Nicht nur die eigene Vergangenheit eines Unternehmens beeinflusst seine Innovationsentscheidungen. Die Autoren zeigen auch, dass es innerhalb einer Region zu Wissensübertragungen zwischen Unternehmen kommt. Um solche Wissensübertragungen nachzuweisen, bestimmen die Forscher für jedes Land, jedes Unternehmen und jedes Jahr ein grünes "Wissens-Kapital" als Mass für das angesammelte Knowhow. Das grüne Wissens-Kapital einer Firma setzt sich aus der Anzahl grüner Patente zusammen, die die Firma angemeldet hat. Ältere Patente werden weniger stark gewichtet als neuere Patente. Das Wissens-Kapital jedes Unternehmens wird dann den Ländern zugeordnet, in denen die "Erfinder" angestellt sind, die das Patent entwickelt haben. Damit können die Autoren zeigen, wie die Erfinder von ihren Kollegen in der eigenen Region beeinflusst werden. Wenn ein Erfinder in einem Land arbeitet, in dem viele grüne Patente entwickelt wurden, wird dieser Erfinder ebenfalls eher an grünen Innovationen forschen. Eine Firma, dessen Erfinder sich in einem Land mit einem 10 Prozent höheren grünen Wissens-Kapital befinden, hat eine um 2.7 Prozent höhere Chance, ein grünes Patent auf den Markt zu bringen.
Wenn in einem Land bereits viele grüne Patente entwickelt wurden, steigt die Wahrscheinlichkeit, dass lokale Firmen weitere grüne Patente entwickeln. Wenn das grüne Wissens-Kapital um 10 Prozent steigt, nimmt die Wahrscheinlichkeit, dass eine Firma ein grünes Patent anmeldet, um 2.7 Prozent zu.
Die Volkwirtschaften weisen also eine gewisse "Pfadabhängigkeit" auf. Wenn ein Land oder ein Unternehmen in der Vergangenheit viel schmutzige Innovation betrieben hat, ist es angesichts der gesammelten Erfahrungen wahrscheinlich, dass die Forschung weiterhin auf schmutzige Technologien fokussiert. Das macht es schwer, die technologische Entwicklung in eine grüne Richtung zu steuern. Solange das schmutzige Wissens-Kapital grösser ist als das grüne, fliessen eher mehr Ressourcen in die Entwicklung von schmutzigen Innovationen. Aber wenn in einem Land das grüne Wissens-Kapitel das schmutzige überholt, bekommt die Pfadabhängigkeit plötzlich eine positiv verstärkende, klimaschützende Wirkung. Dann fliessen in Zukunft immer mehr Ressourcen in Richtung grüne Innovationen, was die Entwicklung von grünen Technologien beschleunigt.

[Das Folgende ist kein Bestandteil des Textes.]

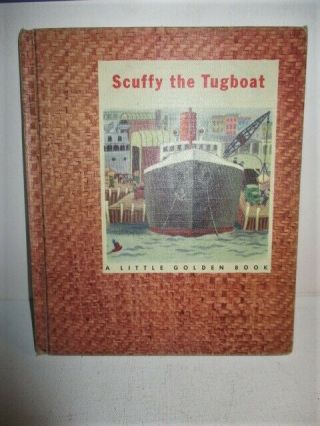 Vintage Little Golden Book Scuffy The Tugboat Goldencraft Cloth Binding 1946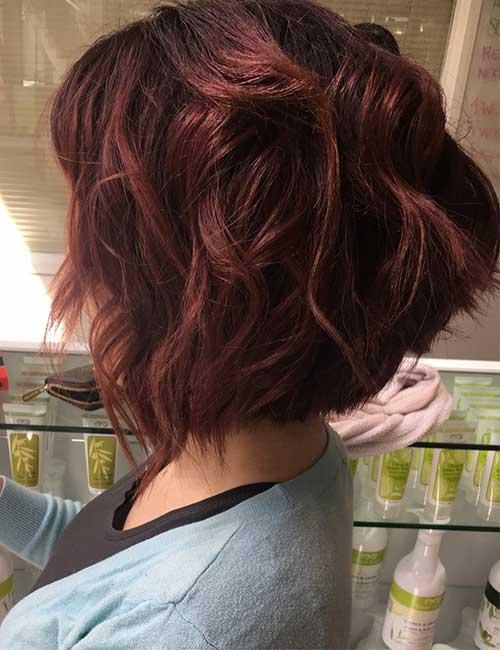 24. Violet Red Wavy A-Line Stacked Bob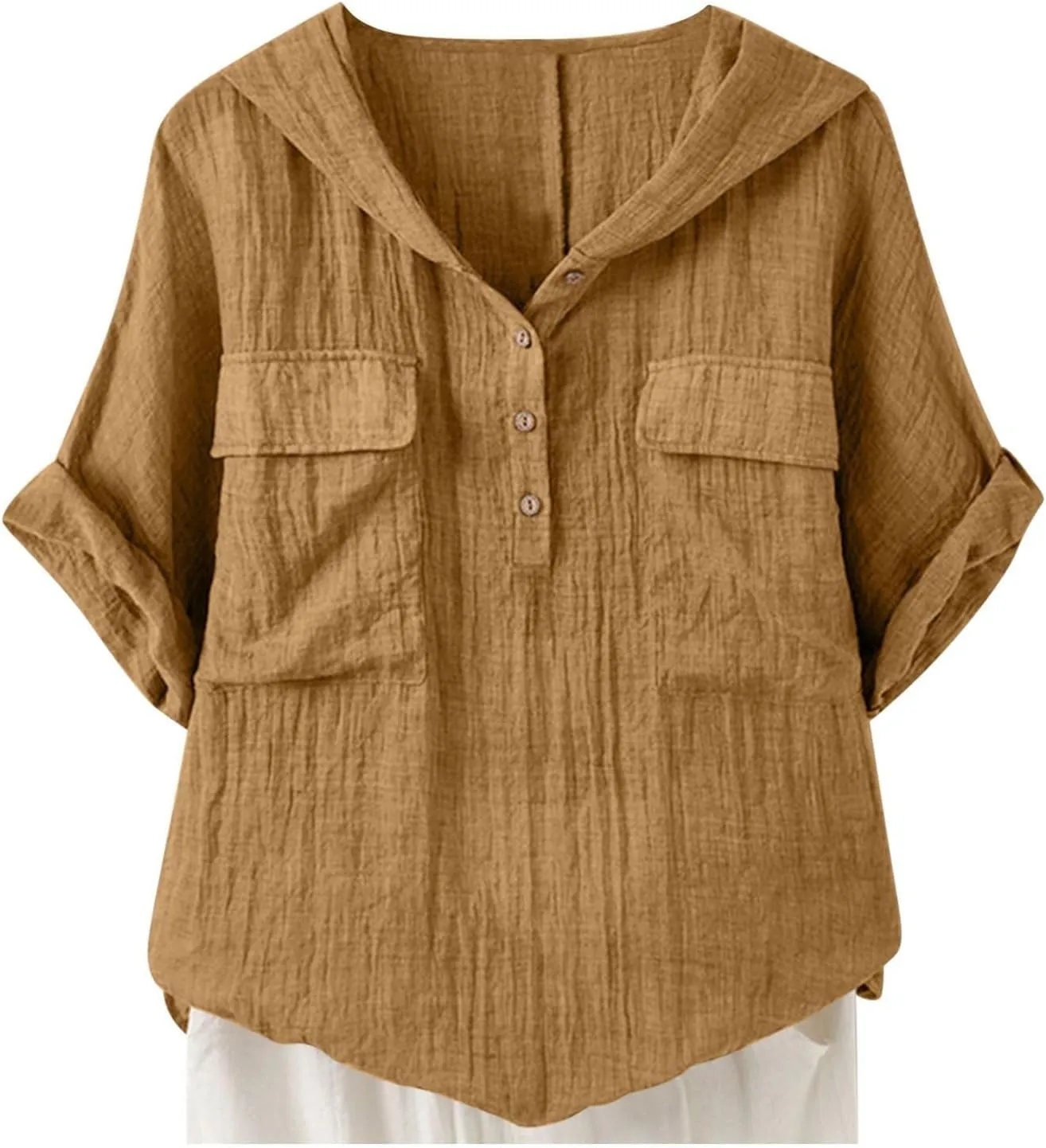 Linen Shirts for Women Summer V Neck Button Down Solid Color Short Sleeve Loose Vacation Blouse Tops with Pockets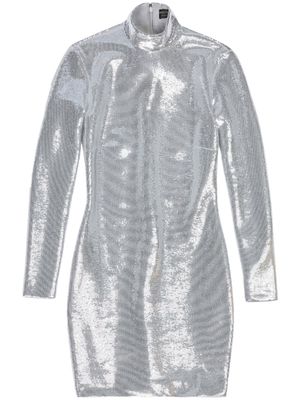 Balenciaga crystal-embellished high-neck dress - Silver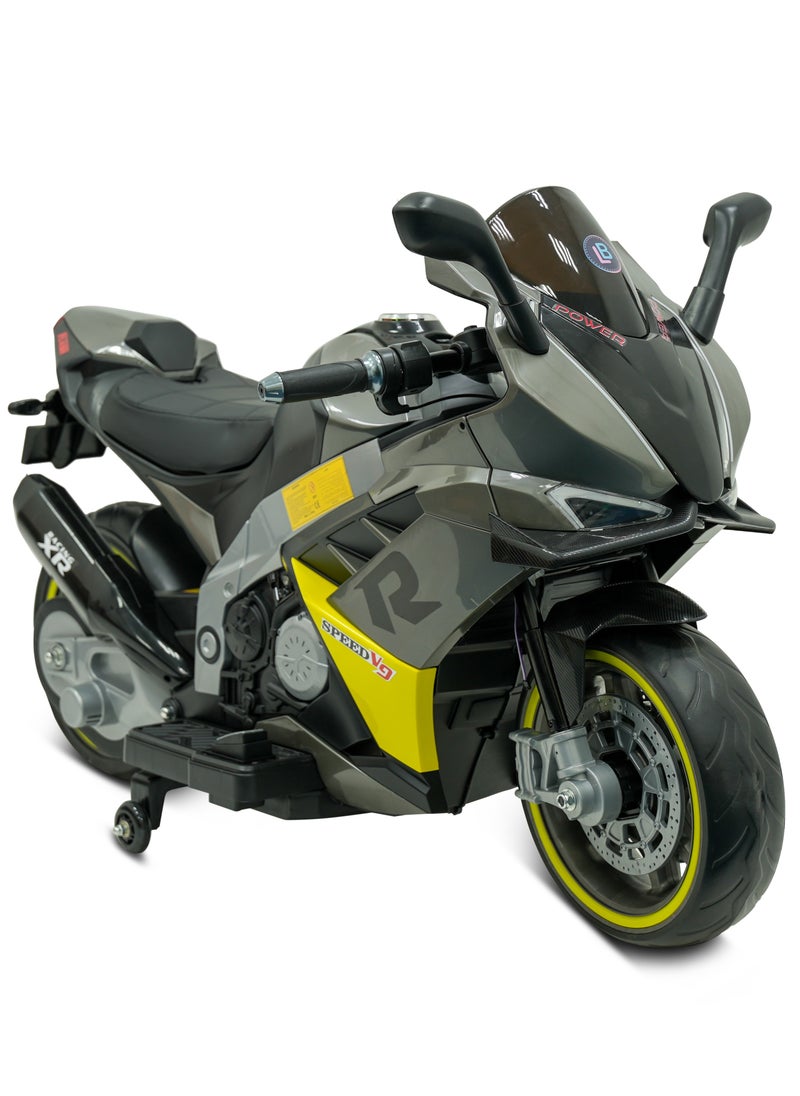 Lovely Baby Battery Operated Ride-On Motorcycle for Kids LB 2090EL, EVA Wheels, Leather Seat, Music & Lights, Hand Accelerator, MP3, Fun for Toddlers & Children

Das wirft für Aghion und seine Co-Autoren die Frage auf: Wie kann die Politik bewirken, dass der Bestand an grünem Knowhow das schmutzige Wissens-Kapital überholt? Die Forscher haben bereits gezeigt, dass höhere Kraftstoffpreise mehr grüne Innovationen in der Automobilbranche hervorrufen. Wie sehr müsste man die Kraftstoffpreise erhöhen, damit das grüne Wissens-Kapital das schmutzige einholt? Anhand einer Simulation zeigen die Forscher: Belässt man die Kraftstoffpreise konstant auf dem Niveau von 2005, dann werden grüne Innovationen mehrere Jahrzehnte brauchen, um das Niveau der schmutzigen Innovationen zu erreichen. Man bräuchte im Jahr 2005 eine Erhöhung der Kraftstoffpreise um 40 Prozent, um die Entwicklung grüner Technologien stark zu beschleunigen und den Bestand an schmutzigem Knowhow schon im Jahr 2020 zu überholen. Erhöht man die Kraftstoffpreise nur um 20 Prozent, überholt das grüne Wissens-Kapital das schmutzige erst im Jahr 2028.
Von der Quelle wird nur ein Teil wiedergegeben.